Submission: Reforming industrial allocation in the New Zealand Emissions Trading Scheme

Submission
17 September, 2021

The New Zealand Initiative supports the government’s commitments under the Paris Climate Agreement and to achieve net zero emissions of long-lived greenhouse gases from 2050. We consider the New Zealand Emissions Trading Scheme (“ETS”) is among the world’s leading cap-and-trade systems for reducing greenhouse gases.

Industrial allocations (“IAs”) serve to prevent leakage, which as MfE correctly notes can raise global emissions (p7). By preventing job losses caused by leakage, IAs can also enhance public support for emissions policies.
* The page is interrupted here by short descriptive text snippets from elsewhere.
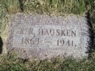 Headstone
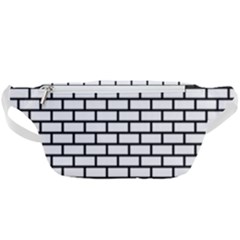 Bricks Wall Pattern Seamless Waist Bag 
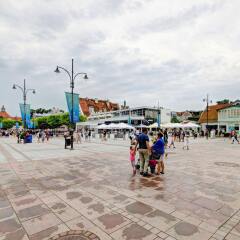 Апартаменты Dom&House-Apartments Port Monte Cassino Сопот спортивное сооружение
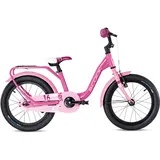 S'COOL SCool niXe 16 Zoll 1-Gang Pink Modell 2025 - 24 cm,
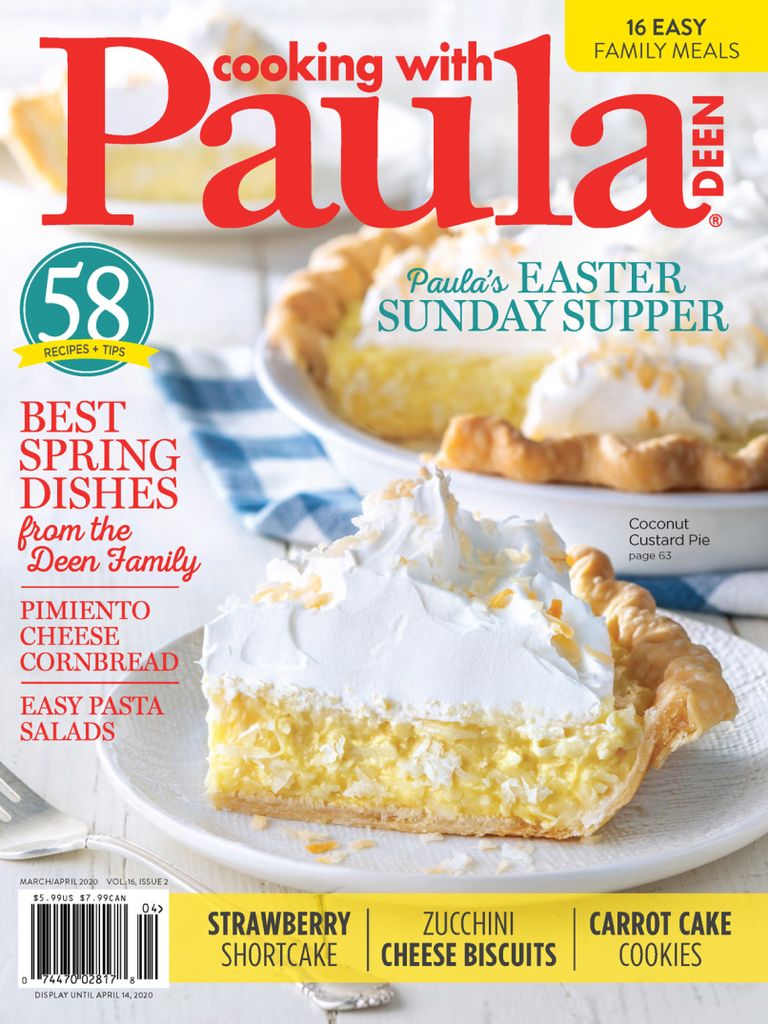 Cooking with Paula Deen March/April 2020 (Digital) - DiscountMags.com
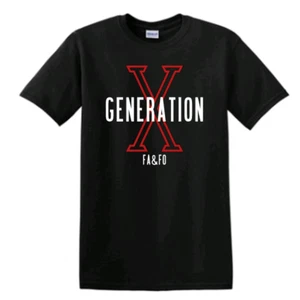Generation X FA&FO T-Shirt Gen X Era Kurzarm - Bild 1 von 21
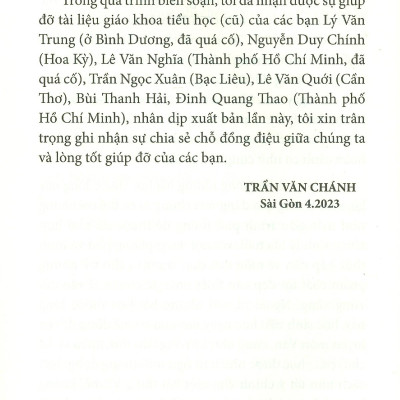 Bổn Cũ Soạn Lại 2 - Những Bài Học Thuộc Lòng - Tân Quốc Văn Giáo Khoa Thư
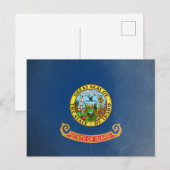 Idaho Briefkaart (Voorkant / Achterkant)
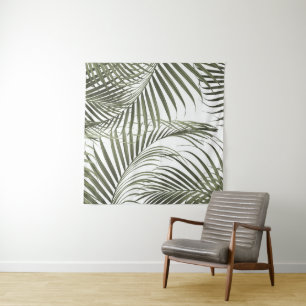 Tenture Caraibes Palm Jungle 1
Leakage is the result of different (implicit or explicit) carbon prices across countries. Businesses can arbitrage these differences by relocating production to countries with lower carbon prices. In addition, trade-exposed domestic businesses can fail if forced to compete against offshore companies who derive a competitive advantage from a lower carbon price.

By aligning the effective carbon price with offshore prices, free allocations of emission units can prevent leakage and business failures. IAs can adjust the effective carbon price for trade-exposed businesses so that carbon pricing is neither a source of competitive advantage or disadvantage, neutralising leakage and failure risks.

The problem is that the current formula for allocating New Zealand Units (“NZUs”) to trade-exposed businesses does not take relative carbon prices into account.